In the end, the SMH took in eight cadets — three of them filling maternity leave positions in the paper (Crikey asked Holden if this meant they’d be let go after a year — he said no trainee was assured of employment after a year, though the intention was to keep them). Another five went to The Age. The business media division (The Australian Financial Review and Business Day) is yet to finalise its offers, but is expected to take between five and seven additional trainees.
All of this year’s trainees are already journalists with varying levels of experience, although several “career change” applicants with experience in other industries also made it through to the final stages, Holden says.
A month of training awaits before they write their first piece; Fairfax can’t assume they all know everything they need to know, Holden says. Anyway, McKinnon adds, more experience can mean some trainees have developed bad habits and need to go back to basics. The training changes every year, but is expected to focus on Fairfax style, shorthand and media law.
Holden was sceptical about Crikey‘s central thesis: that gaining an entry-level position in a major newsroom these days is harder than ever. “I have a suspicion that the big papers have only taken those with experience for quite a few years,” he said. It’s rare to get work straight from uni on a major masthead, and so Holden said his advice to young graduates hasn’t changed: “If you can’t get work on a major masthead straight off … you need to get experience. That means suburban titles, that can mean going bush … There’s no point sitting on your hands waiting to be picked. No one can think like that any more.”

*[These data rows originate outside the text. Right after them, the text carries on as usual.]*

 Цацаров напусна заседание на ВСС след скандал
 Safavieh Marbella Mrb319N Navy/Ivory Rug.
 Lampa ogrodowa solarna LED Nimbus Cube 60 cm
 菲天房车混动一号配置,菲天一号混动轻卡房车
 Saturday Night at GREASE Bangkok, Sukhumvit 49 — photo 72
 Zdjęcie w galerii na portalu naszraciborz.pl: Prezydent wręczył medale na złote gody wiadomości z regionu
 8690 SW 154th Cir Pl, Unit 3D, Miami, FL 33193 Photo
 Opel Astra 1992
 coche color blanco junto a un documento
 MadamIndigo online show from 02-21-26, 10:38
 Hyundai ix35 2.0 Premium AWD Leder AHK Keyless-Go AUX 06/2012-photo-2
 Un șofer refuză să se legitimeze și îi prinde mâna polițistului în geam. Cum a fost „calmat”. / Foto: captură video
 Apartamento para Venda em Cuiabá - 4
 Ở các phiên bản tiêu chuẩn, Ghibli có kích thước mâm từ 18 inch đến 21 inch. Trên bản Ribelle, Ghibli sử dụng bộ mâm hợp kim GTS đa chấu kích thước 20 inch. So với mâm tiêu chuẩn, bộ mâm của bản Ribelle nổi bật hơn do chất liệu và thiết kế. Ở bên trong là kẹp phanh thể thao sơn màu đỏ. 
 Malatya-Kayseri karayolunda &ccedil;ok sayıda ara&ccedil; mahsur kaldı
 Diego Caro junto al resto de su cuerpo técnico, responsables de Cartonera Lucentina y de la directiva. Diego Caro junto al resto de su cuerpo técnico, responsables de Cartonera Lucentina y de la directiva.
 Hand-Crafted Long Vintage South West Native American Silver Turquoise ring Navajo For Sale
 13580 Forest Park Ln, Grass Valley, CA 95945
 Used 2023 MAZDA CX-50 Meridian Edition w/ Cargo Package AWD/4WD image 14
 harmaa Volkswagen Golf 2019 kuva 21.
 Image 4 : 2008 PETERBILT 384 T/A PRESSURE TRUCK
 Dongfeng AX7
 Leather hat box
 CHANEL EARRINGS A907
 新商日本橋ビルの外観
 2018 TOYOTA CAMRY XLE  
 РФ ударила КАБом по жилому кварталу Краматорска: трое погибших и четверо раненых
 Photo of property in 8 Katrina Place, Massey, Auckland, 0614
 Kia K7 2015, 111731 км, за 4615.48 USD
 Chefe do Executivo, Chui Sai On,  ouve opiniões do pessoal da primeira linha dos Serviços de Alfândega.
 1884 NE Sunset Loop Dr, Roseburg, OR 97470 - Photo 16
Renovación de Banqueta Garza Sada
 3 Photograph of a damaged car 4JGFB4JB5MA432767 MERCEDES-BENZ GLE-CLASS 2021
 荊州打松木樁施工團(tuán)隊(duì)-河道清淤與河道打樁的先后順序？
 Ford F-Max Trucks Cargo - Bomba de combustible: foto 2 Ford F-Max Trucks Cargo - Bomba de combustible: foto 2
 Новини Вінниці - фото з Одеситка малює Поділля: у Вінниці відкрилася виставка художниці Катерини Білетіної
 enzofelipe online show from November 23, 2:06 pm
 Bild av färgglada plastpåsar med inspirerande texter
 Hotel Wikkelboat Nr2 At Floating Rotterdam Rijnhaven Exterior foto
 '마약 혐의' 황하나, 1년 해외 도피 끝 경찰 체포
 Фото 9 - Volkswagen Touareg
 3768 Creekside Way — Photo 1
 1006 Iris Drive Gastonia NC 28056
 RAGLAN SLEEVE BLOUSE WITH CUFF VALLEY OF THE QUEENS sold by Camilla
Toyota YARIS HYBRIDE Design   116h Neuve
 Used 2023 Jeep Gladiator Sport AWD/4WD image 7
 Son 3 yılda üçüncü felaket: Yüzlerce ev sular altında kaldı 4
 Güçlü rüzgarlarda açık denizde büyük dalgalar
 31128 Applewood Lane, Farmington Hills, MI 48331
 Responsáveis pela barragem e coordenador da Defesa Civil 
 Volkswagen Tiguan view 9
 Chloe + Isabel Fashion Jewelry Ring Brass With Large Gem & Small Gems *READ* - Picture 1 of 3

Holden also says young journalists should be looking for employment at digital media outlets, including the myriad startups.
Over at News Corp, successful applicants to the company’s graduate program (its equivalent of Fairfax’s traineeships) had an average age of 23 this year. It’s the first year News Corp has moved to a national graduate program, designed to allow each masthead to be flexible in how it manages its graduates while still ensuring all meet a common standard, which includes three formal development programs a year, work rotations through the other mastheads, and a formal mentoring system. The company took 14 graduates this year, the majority of whom had completed related degrees.
As for the ABC, last year the national broadcaster entirely revamped the process for its cadetship program (its equivalent) in order to recruit more diverse candidates. But Steven Alward, the ABC’s editor of policy, training and staff development, told Crikey his network intends to go back to the usual process for the 2015 intake. In previous years, it’s involved a written application, a notoriously fiendish news quiz, interviews and voice and screen testing. This year’s cadets range in age from 21 to 23; Alward says most are in their early 20s, and this hadn’t significantly changed in recent years.
Like all the major publishers, the ABC likes to see cadets who’ve done some journalism before. “This can include internships and paid or unpaid work,” Alward said. All the graduates in 2014 had some experience in the media.
Asked what the ABC likes to see in its cadets, Alward reeled off a passion for telling stories, an engagement with the world, broad interests, a commitment to truth, accuracy and fairness, and the ability to write and present well. “Resilience is important, and so are a little humility and a sense of humour,” he said. They’ll need to stand out, because competition is stiff: the handful of positions attract “hundreds” of applications every year.
Correction: A previous version of this article said cadets have been paid $51,000 in the past. The correct figure is closer to $60,000, according to the award – Crikey’s calculations were off. We’ve also added some details about the process we were alerted to after our deadline.